Subj : Black Bean Enchiladas
To   : All
From : Ben Collver
Date : Thu Nov 03 2022 12:11:59

MMMMM----- Recipe via Meal-Master (tm) v8.06

     Title: Veggie Black Bean Enchiladas
Categories: Mexican
     Yield: 8 servings

     2 c  Homemade enchilada sauce
     2 tb Olive oil
     1 c  Chopped red onion; (about 1
          -small red onion)
     1    Red bell pepper; chopped
     1 bn Broccoli or 1 small head of
          -cauliflower; (about 1 lb),
          -florets removed and sliced
          -into small, bite-sized
          -pieces
     1 ts Cumin; ground
   1/4 ts Cinnamon; ground
     5 oz Baby spinach; (about 5 cups,
          -packed), up to 6
     1 cn (15 oz) black beans; drained
          -and rinsed, or 1-1/2 cups
          -cooked black beans
     1 c  Shredded Monterey Jack
          -cheese; divided
   1/2 ts Salt; to taste
          Freshly ground black pepper;
          -to taste
     8    Whole wheat tortillas;
          -(about 8" in diameter)
          Handful of chopped cilantro;
          -for garnishing

 Preheat oven to 400 degrees Fahrenheit with one rack in the middle of
 the oven and one in the upper third. Lightly grease a 9 by 13-inch
 pan with olive oil or cooking spray.

 In a large skillet over medium heat, warm the olive oil until
 simmering. Add the onions and a pinch of salt. Cook, stirring often,
 until the onions are tender and translucent, about 5 to 7 minutes.
 Add the broccoli and bell pepper, stir, and reduce heat to
 medium-low. Cover the skillet (I don't have a lid for mine, so I just
 placed a cookie sheet on top). Cook, stirring occasionally, for about
 8 to 9 minutes, or until the broccoli is brighter green and just
 starting to turn golden on the edges.

 Add the cumin and cinnamon to the skillet and cook until fragrant,
 about 30 seconds. Add the spinach, a few handfuls at a time, stirring
 until it has reduced in size. Repeat with remaining spinach and cook
 until all of the spinach has wilted.

 Transfer the contents of the pan to a medium mixing bowl. Add the
 drained beans, 1/4 cup cheese and a drizzle of enchilada sauce (about
 2 tablespoons). Season with 1/2 teaspoon salt and some freshly ground
 black pepper, to taste.

 Assemble the enchiladas:

 Pour 1/4 cup enchilada sauce into your prepared pan and tilt it from
 side to side until the bottom of the pan is evenly coated. To
 assemble your first enchilada, spread 1/2 cup filling mixture down
 the middle of a tortilla, then snugly wrap the left side over and
 then the right, to make a wrap. Place it seam side down against the
 edge of your pan. Repeat with remaining tortillas and filling.

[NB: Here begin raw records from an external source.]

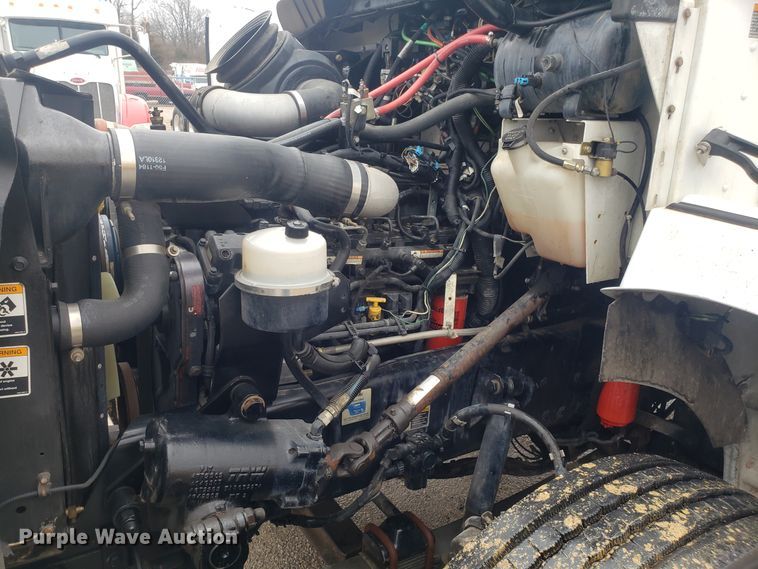 image for item DH5779 2005 Kenworth T300 utility truck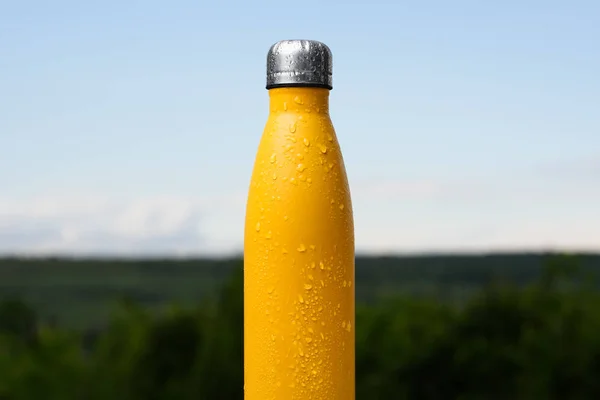 Botella Termo Inoxidable Rociada Con Agua Cielo Bosque Fondo Termos — Foto de Stock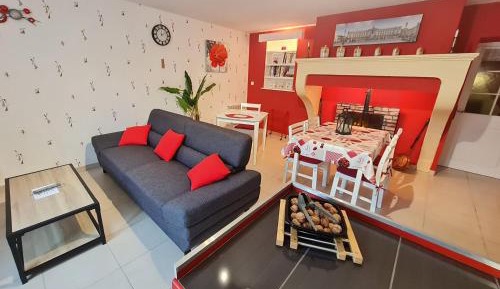 Holiday Home (2 adults)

 Drizzle the remaining enchilada sauce evenly over the enchiladas,
 leaving the tips of the enchiladas bare. Sprinkle the remaining
 shredded cheese evenly over the enchiladas.

 Bake, uncovered, on the middle rack for 20 minutes. If the cheese on
 top isn't golden enough for your liking, carefully transfer the
 enchiladas to the upper rack of the oven and bake for an additional 3
 to 6 minutes, until sufficiently golden and bubbly.

 Remove from oven and let the enchiladas rest for 10 minutes (they're
 super hot!). Before serving, sprinkle chopped cilantro down the
 center of the enchiladas. Serve immediately.